Brooklyn Tower may be more vulnerable because it is behind schedule, over budget and arguably over leveraged. The building was supposed to have been completed in 2022. Some residents of the unfinished tower complain that promised amenities have yet to be delivered.

Stern burst on to the city’s development scene 15 years ago and has gained a reputation for dazzling projects such as 111 West 57th, a willowy super-tall that rises out of the historic Steinway building below. He recently teamed with Mercedes-Benz to build a branded tower in Miami.

But Stern has been prone to delays that sap investors’ returns and necessitate additional financing. He has also fallen out with partners.

Earlier this year he was sued by a leasing company, which alleged he failed to pay about $1.3mn in charges for a private jet. JDS has described the lawsuit as meritless.

Silverstein opted to foreclose on Brooklyn Tower in order to oust Stern from the project, according to people briefed on its plans.

In a statement, Silverstein confirmed that junior and senior mezzanine debt and mortgage loans were all in maturity default, and that property broker JLL was organising a sale.

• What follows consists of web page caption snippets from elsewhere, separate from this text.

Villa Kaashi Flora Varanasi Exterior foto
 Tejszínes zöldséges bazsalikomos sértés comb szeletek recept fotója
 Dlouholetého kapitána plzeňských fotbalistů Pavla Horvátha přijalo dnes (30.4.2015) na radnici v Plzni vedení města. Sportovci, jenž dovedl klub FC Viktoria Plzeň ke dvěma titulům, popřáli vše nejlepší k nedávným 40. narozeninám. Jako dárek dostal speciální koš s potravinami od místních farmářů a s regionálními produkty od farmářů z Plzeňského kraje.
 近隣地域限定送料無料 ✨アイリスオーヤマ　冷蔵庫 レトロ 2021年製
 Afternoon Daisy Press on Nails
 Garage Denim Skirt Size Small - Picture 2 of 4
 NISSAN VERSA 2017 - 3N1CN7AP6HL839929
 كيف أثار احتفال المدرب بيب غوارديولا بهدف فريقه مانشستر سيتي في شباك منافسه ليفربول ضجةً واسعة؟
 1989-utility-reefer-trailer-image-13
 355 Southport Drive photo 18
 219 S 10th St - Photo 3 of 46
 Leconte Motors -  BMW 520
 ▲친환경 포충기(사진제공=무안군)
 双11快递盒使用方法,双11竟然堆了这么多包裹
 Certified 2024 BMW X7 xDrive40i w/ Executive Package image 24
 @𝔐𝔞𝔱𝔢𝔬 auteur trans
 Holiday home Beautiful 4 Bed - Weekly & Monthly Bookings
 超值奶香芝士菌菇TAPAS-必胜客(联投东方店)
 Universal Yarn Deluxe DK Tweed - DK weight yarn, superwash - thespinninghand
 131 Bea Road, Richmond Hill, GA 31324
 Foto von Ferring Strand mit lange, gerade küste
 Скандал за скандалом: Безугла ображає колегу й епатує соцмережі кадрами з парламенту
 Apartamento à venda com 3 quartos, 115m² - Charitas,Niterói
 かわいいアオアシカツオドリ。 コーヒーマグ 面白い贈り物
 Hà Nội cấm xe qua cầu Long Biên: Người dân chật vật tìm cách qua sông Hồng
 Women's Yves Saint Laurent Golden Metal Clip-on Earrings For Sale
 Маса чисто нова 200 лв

It declined to comment further. Stern did not respond to requests for comment. In 2020 he told the Financial Times that litigation was inevitable in the real estate business, saying: “If you’re not being sued by people, you’re not doing enough work.” 

Even before its default, Brooklyn Tower was a talking point. Its skin of fluted black stainless steel exudes a certain menace that has prompted locals to call it “Sauron” — a reference to the dark tower in the Lord of The Rings trilogy. Some would rather see it on Manhattan’s Billionaire’s Row, on West 57th Street, beside other super-talls — not in Brooklyn. But many architecture critics have applauded it.

The 1,066-foot tower stretches 93 storeys high and sports a basketball court and dog run on its 66th floor, as well as a rooftop pool and “sky lounge”. Its 150 condominiums were originally listed at prices ranging from $875,000 for a studio to $8mn for a four-bedroom flat. The tower also has 400 rental units on lower floors. At its base is the former Dime Savings Bank, a domed, neoclassical landmark that JDS has restored and converted to retail. 

Stern assembled the parcel with fellow developer Joseph Chetrit, paying $90mn for the Dime building in 2015. It came with 300,000 square feet of air rights that ultimately enabled him to build a taller tower. The borough’s approval the following year appeared to signal a new era for downtown Brooklyn, with the arrival of Manhattan-style condominiums — and prices.

After years of searching, JDS secured $664mn in construction financing from Silverstein and Otera Capital, the real estate arm of Quebec’s pension fund, in April 2019. Silverstein’s share — the $235mn mezzanine loan — inaugurated a new lending division it launched in 2018. It is a line of business several big developers have entered since banks reined in their real estate lending after the 2008 financial crisis.

The tower topped out in 2021, and some residents have moved in, but construction is still ongoing. Costs have been pushed up by inflation and shortages of raw materials that have afflicted an array of manufacturers and industries. Silverstein declined to say when the tower would be completed — or how many units remained to be sold.

The torrid Brooklyn housing market was cooled last year by high mortgage rates. In the fourth quarter the borough’s median home price fell 3 per cent from a year earlier to $725,000, according to the Corcoran Group. For new developments, the number of sales dropped by nearly half. Corcoran expressed “cautious optimism” for 2024 as rates have now begun to fall and the economy has remained resilient.

Until its future is resolved, though, the Brooklyn Tower will face added challenges trying to woo luxury buyers. “People are living in a building that’s in foreclosure and they’re still selling it,” one broker marvelled. “Can you believe that?”